By Mazin Qumsiyeh
It seems like yesterday that we watched Israeli tanks rolling down the hills towards our sleepy town of Beit Sahour 45 years ago today. As a child it was the most frightening sight. The second stage of the Zionist expansion on the land of Palestine unleashed terror that our generation had not experienced but my parents’ generation had during eth Nakba when between January 1948 and the end of 1949, some 530 villages and towns were ethnically cleansed.
The changes I witnessed the 45 years since the "6 day" invasion of 1967 have been nothing short of monumental. Those hills that the tanks rolled down on are all now filled with colonial settlements that scar the ancient landscape. The Israeli quarries have literally dug up other hills and trucked stone and soil away to build the "Jewish state" while destroying Palestinian lives.
But I do not want to take time here to write of these violations. I think anyone can find thousands of documents and reports from independent human rights groups and international agencies describing the horrors of colonization, apartheid, and occupation in this "holy land". Nor will I address how people who teach their children about Jewish suffering over the ages teach them that it is OK to inflict this suffering on native/indigenous people. Nor do I want to write on this occasion of the treachery of western countries who profess human rights and international law actually become complicit in war crimes and crimes against humanity. Nor do I want to address the treachery of Arab leaders (yes including some Palestinians) who were complicit in helping make 7 million of us refugees or displaced people. I do want to talk about us, the people, and especially about mental occupation.
Occupiers/colonizers are of course always dependent not just on military might but also on propaganda and psychological manipulation to reach their goals. For example, from the late 19th century, the Zionists successfully infiltrated the minds of their victims with notions like "Arabs" and/vs. "Jews". With this one simple concept, Zionists succeeded in,
1) equating a linguistic group with a religion and elevating Jewishness to a supposed national structure ("a people")
2) removing Arab Jews as a viable group whose allegiance lies naturally with their fellow Arabic speaking people
3) fostering anti-Jewish feelings (mistakenly called anti-Semitism) to help their cause in conflating Zionism with Judaism. Before that they coined and popularized the term anti-Semitism to confuse the Europeans and claim they are Semites.
From those early efforts in the 19th century, the people of the world were subjected to sustained intensive efforts at brainwashing.
We actually understand these propaganda efforts as natural and expected in efforts to propel racist ideologies. What we do not understand is why many native Palestinians accepted defeat and even adopted the Zionized version of history. Even some of our school textbooks perpetuate the mythologies that keep the Zionist nightmare a reality. It is easy to keep it alive when we, the victims keep the myth of the exodus from Egypt to Masada to the falsified history of Josephus to the suppression of our Canaanite ancestry to the notion that Jewishness is somehow biological.

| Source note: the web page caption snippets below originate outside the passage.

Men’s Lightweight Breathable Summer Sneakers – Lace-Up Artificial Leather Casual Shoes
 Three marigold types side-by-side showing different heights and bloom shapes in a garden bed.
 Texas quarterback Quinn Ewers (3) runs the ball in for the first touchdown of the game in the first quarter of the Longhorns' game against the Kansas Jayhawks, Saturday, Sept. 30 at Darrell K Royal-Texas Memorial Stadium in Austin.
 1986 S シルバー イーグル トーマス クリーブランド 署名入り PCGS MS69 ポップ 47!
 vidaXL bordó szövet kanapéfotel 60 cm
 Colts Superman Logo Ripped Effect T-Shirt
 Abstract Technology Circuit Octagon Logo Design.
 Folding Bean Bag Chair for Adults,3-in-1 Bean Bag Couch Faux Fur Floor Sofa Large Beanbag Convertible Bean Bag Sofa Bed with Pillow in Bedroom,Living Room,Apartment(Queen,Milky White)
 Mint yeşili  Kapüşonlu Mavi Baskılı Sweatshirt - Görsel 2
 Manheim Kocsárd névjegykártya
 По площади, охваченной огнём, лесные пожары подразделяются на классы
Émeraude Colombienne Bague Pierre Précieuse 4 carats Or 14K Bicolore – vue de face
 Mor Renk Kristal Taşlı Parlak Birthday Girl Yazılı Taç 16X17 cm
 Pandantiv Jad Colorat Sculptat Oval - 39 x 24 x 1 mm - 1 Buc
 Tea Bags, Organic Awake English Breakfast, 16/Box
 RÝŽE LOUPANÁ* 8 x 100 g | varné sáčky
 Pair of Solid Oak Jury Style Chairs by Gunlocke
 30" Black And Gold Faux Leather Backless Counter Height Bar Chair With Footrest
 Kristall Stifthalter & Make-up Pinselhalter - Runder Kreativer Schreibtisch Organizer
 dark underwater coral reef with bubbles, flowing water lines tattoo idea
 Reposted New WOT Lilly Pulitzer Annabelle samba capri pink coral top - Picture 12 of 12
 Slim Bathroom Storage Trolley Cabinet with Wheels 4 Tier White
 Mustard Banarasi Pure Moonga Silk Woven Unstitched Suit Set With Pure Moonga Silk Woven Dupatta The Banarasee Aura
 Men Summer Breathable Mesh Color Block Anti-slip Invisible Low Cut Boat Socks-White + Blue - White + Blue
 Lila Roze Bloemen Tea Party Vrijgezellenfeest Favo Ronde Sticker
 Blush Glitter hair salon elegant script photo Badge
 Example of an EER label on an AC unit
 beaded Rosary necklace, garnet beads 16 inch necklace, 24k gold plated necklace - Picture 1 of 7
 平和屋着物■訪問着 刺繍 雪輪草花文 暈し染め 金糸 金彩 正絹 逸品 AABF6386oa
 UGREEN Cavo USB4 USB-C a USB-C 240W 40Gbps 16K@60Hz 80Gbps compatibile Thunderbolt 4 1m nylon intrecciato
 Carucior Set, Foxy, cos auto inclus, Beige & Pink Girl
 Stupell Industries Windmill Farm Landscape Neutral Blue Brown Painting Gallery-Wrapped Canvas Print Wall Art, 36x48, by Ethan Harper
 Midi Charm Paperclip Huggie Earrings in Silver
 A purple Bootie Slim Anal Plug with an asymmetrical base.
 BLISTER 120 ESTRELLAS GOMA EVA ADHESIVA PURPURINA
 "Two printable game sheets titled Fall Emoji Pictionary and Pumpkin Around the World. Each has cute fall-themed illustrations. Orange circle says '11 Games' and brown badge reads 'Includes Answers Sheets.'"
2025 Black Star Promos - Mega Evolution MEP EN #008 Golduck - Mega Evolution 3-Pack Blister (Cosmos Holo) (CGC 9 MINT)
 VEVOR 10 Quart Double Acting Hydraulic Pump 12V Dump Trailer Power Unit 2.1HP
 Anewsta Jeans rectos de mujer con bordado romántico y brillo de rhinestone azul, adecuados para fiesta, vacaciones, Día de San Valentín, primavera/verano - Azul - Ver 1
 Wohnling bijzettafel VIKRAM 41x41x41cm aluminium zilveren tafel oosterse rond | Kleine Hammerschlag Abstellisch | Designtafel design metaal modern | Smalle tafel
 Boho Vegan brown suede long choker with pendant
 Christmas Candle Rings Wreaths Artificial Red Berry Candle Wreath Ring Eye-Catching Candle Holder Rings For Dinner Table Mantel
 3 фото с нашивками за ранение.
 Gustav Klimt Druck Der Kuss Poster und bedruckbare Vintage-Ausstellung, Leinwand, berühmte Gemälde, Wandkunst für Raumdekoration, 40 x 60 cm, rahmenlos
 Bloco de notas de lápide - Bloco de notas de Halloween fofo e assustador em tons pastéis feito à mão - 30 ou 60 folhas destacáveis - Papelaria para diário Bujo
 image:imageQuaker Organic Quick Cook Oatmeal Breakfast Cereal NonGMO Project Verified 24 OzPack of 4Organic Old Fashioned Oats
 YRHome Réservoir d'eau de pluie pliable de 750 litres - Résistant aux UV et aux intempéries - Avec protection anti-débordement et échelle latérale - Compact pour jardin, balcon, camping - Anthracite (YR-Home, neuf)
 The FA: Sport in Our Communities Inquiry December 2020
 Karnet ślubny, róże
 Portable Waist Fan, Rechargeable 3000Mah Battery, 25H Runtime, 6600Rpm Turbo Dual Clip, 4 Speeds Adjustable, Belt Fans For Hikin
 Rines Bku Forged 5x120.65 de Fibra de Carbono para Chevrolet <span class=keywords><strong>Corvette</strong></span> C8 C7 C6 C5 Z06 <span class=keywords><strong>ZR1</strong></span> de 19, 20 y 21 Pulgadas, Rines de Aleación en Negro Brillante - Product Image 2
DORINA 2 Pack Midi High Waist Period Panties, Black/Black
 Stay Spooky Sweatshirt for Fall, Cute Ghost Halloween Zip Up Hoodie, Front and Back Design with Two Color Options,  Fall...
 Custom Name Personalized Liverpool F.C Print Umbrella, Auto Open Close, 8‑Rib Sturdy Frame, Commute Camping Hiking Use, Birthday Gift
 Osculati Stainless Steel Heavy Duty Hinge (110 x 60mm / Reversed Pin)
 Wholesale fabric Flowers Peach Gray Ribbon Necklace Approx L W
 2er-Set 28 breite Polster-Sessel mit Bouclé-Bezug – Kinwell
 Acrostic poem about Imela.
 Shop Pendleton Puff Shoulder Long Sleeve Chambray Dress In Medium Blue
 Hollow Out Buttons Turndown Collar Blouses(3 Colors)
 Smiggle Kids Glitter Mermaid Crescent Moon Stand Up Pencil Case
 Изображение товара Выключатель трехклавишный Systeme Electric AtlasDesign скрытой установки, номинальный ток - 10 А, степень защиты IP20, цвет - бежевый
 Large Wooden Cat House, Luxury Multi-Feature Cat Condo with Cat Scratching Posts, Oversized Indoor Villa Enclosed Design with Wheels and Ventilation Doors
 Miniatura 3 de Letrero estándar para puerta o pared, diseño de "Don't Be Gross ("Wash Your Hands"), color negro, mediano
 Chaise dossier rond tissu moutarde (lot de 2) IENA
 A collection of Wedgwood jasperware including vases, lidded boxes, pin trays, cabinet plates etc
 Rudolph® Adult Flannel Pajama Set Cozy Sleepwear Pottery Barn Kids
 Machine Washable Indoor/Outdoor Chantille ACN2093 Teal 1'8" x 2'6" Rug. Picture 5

Some of this is due to those who are religious confusing metaphors and myths with historiography. Some of it is due to ignorance: e.g. ignorance of the fact that the Philistines were actually Canaanite people and not from Crete or that both ancient Arabic and Hebrew were dialects of Canaanite Aramaic. Some of it is pure foolishness; for example that somehow we can "return" Palestine to an idealized (fictional) Islamic or Jewish state.
Would it not be better to admit the wrong that was done to the native people, do some restorative justice, and begin to discuss among ourselves how we Christians, Muslims, Jews, atheists, and others can live TOGETHER in a country in full equality?
How about a new joint political movement to reform and to dismantle the dysfunctional Israeli and Palestinian political structures so as to build a new reality? Aren’t 64 years of Nakba and 45 years of Naksa long enough?
There are 11.5 million Palestinians in the world and billions of fellow human beings who know what is right to contend with at best half a million deluded Jewish Zionists (and the equally deluded Christian Zionists who support them). What prevents justice (i.e. peace) is apathy and ignorance.
Is it not time to shed these?
– Professor Mazin Qumsiyeh teaches and does research at Bethlehem and Birzeit Universities in occupied Palestine. He is author of "Sharing the Land of Canaan: Human rights and the Israeli/Palestinian Struggle" and “Popular Resistance in Palestine: A history of Hope and Empowerment”.